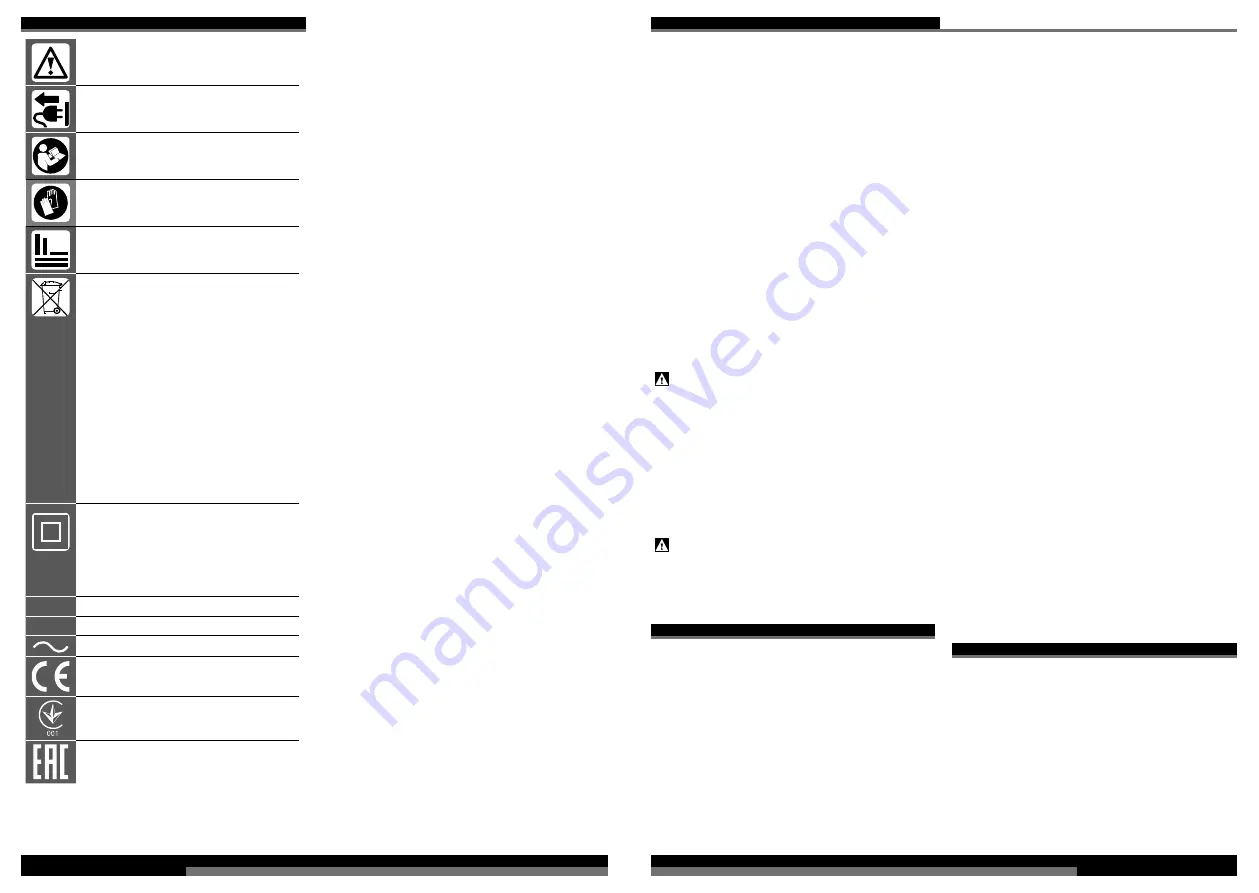 AEG PNEUMATIC 3500 X Original Instructions Manual Download Page 39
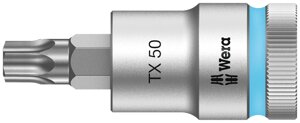 Викрутка головка Zyklop 8767 C HF TORX, з приводом 1/2", з фіксуючою функцією, TX50x60.0мм, 05003836001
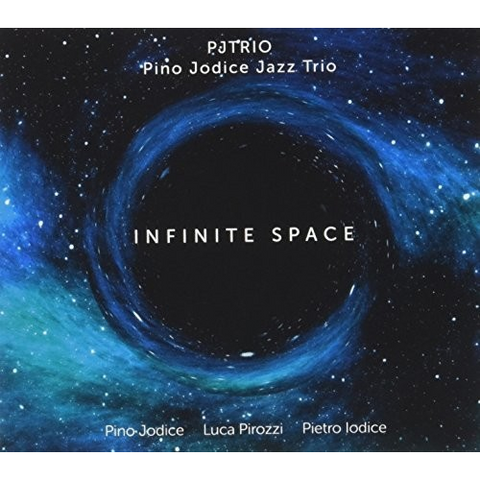 PINO JODICE JAZZ TRIO - INFINITE SPACE (2018)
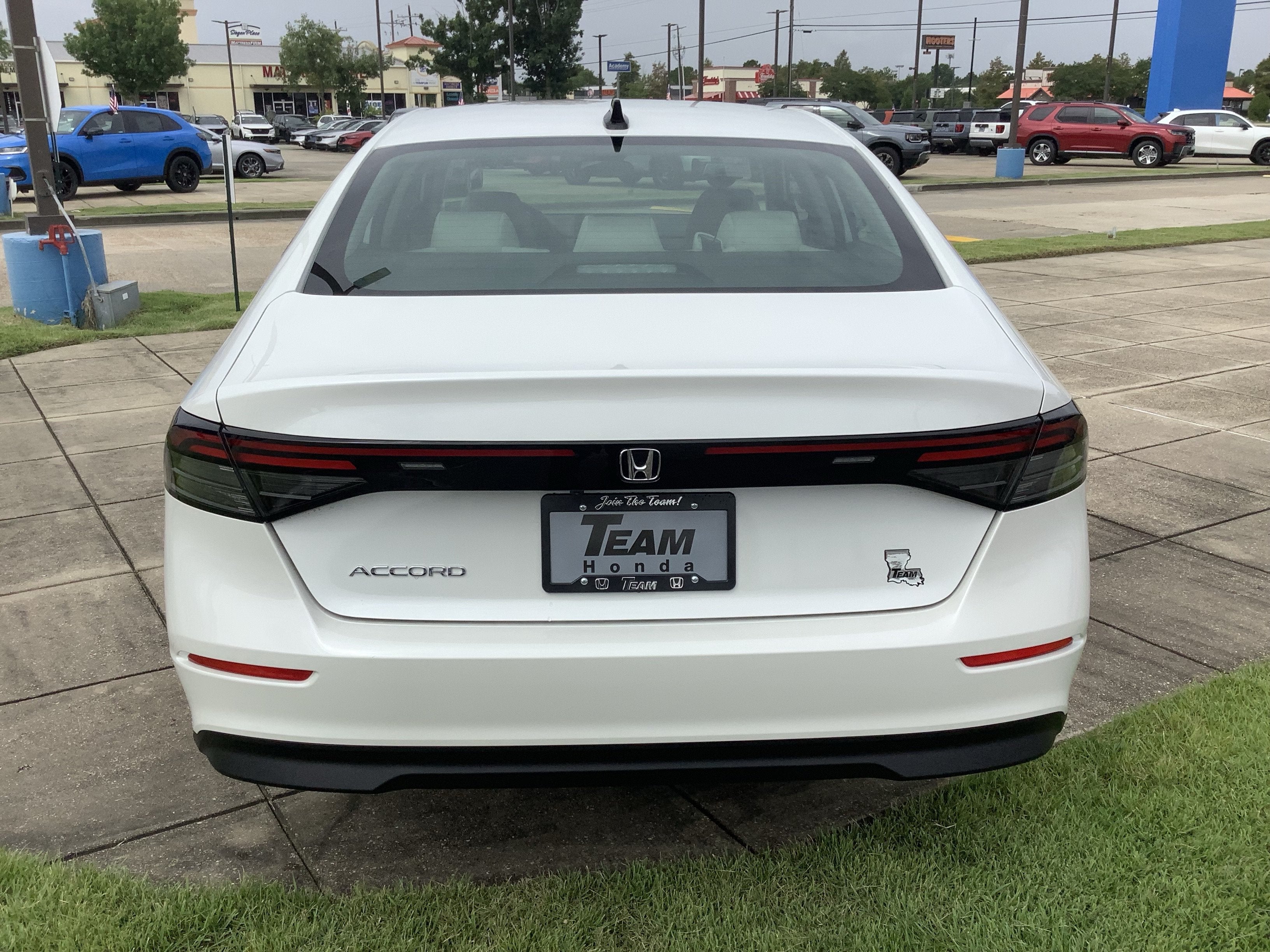 2026 Honda Accord Sedan SE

★ ★ ★ ★

Reproduce every line above word for word; no images.

 AEG PNEUMATIC 3500 X Original Instructions Manual Download Page 39
 Викрутка головка Zyklop 8767 C HF TORX, з приводом 1/2", з фіксуючою функцією, TX50x60.0мм, 05003836001
 PINO JODICE JAZZ TRIO - INFINITE SPACE (2018)
 2026 Honda Accord Sedan SE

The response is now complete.